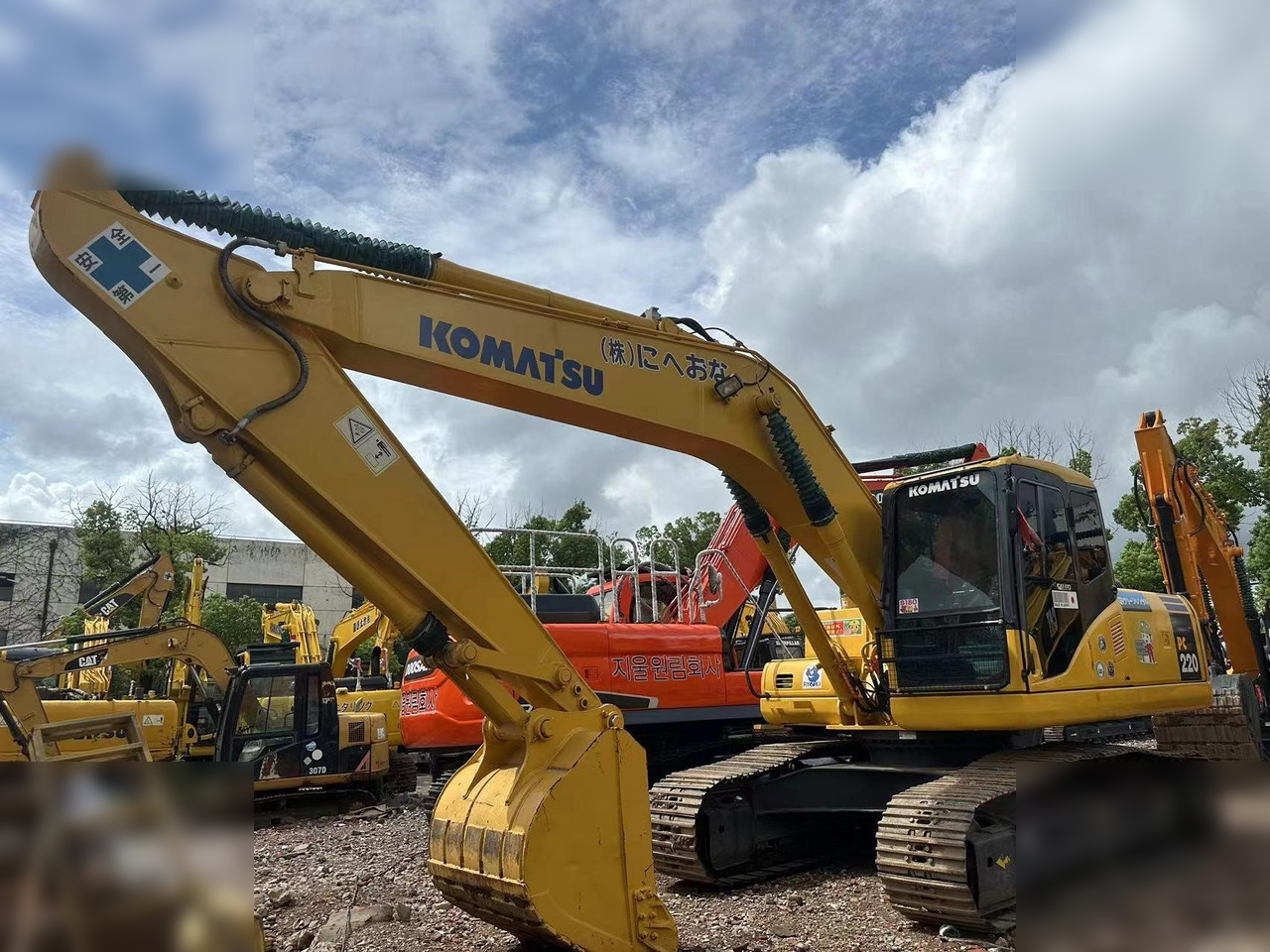 KOMATSU PC220-7 - Ekskavator me zinxhirë: foto 4 KOMATSU PC220-7 - Ekskavator me zinxhirë: foto 4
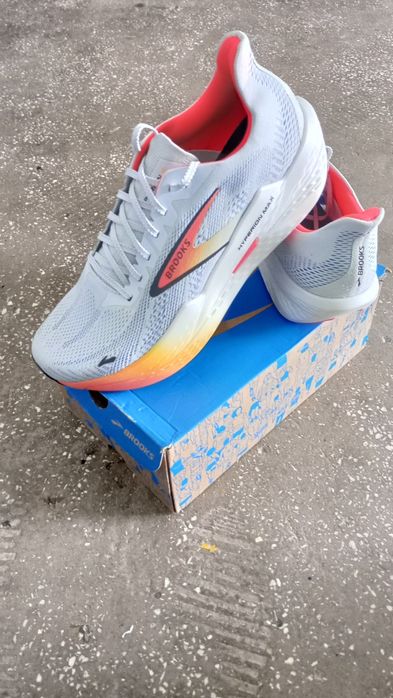 Adidasi Brooks hiperion max 2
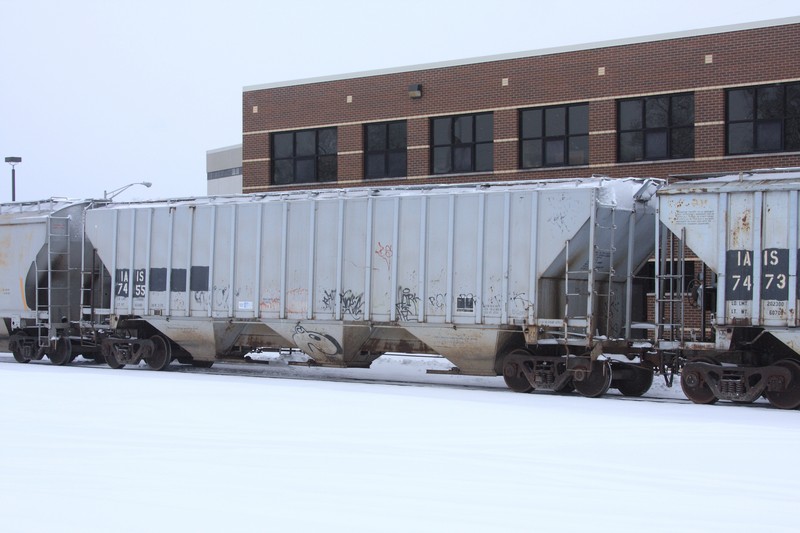 IAIS 7455 at Moline, IL, on 27 Dec 2010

□ □ □ □ □ □ □

Copy exactly the lines from the line that holds "Adidasi Brooks hiperion max 2" to the end of the listing, both included. Leave the pictures out.

 Adidasi Brooks hiperion max 2
 IAIS 7455 at Moline, IL, on 27 Dec 2010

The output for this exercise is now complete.